● Instructions for the task: Word for word, restate the lines that run from the line containing "Smiling Woman Doctor" to the last line of the records below.

***** Provided entries *****

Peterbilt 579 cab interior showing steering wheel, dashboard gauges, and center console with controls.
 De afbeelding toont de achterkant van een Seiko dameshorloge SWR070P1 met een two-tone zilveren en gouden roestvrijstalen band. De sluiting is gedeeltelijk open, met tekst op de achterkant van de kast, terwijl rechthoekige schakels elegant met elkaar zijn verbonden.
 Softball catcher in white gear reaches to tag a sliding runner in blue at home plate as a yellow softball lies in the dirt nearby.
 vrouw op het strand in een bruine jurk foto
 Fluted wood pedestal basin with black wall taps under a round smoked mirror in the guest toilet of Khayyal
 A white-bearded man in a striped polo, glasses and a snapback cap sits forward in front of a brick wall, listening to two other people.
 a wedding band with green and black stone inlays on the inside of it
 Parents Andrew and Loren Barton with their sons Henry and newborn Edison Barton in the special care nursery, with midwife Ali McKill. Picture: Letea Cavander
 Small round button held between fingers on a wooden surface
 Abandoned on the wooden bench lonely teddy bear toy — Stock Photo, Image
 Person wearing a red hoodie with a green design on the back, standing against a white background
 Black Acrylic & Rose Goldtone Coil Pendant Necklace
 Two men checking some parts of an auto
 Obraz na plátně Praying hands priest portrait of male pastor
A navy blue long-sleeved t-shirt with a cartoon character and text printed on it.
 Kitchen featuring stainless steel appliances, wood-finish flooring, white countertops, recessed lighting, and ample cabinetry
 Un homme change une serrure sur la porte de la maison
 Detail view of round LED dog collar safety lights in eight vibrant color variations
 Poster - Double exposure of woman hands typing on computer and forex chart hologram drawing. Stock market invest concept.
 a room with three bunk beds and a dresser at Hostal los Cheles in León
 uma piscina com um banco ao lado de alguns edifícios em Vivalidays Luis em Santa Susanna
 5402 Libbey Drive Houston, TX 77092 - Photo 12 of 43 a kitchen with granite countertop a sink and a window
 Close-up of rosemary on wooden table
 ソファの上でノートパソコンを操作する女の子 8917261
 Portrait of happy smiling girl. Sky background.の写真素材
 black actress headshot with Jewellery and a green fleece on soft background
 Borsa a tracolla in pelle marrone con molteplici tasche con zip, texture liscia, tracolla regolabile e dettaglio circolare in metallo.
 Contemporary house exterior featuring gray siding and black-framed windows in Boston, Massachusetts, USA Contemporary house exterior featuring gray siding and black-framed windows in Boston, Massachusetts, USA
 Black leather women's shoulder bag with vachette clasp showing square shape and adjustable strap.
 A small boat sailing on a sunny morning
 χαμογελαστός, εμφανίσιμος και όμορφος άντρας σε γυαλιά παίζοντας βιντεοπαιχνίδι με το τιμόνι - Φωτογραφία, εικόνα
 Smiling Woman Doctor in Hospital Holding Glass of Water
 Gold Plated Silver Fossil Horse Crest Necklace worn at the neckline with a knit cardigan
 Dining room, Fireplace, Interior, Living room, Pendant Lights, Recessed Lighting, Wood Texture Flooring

*****

● Solved problem:
 Smiling Woman Doctor in Hospital Holding Glass of Water
 Gold Plated Silver Fossil Horse Crest Necklace worn at the neckline with a knit cardigan
 Dining room, Fireplace, Interior, Living room, Pendant Lights, Recessed Lighting, Wood Texture Flooring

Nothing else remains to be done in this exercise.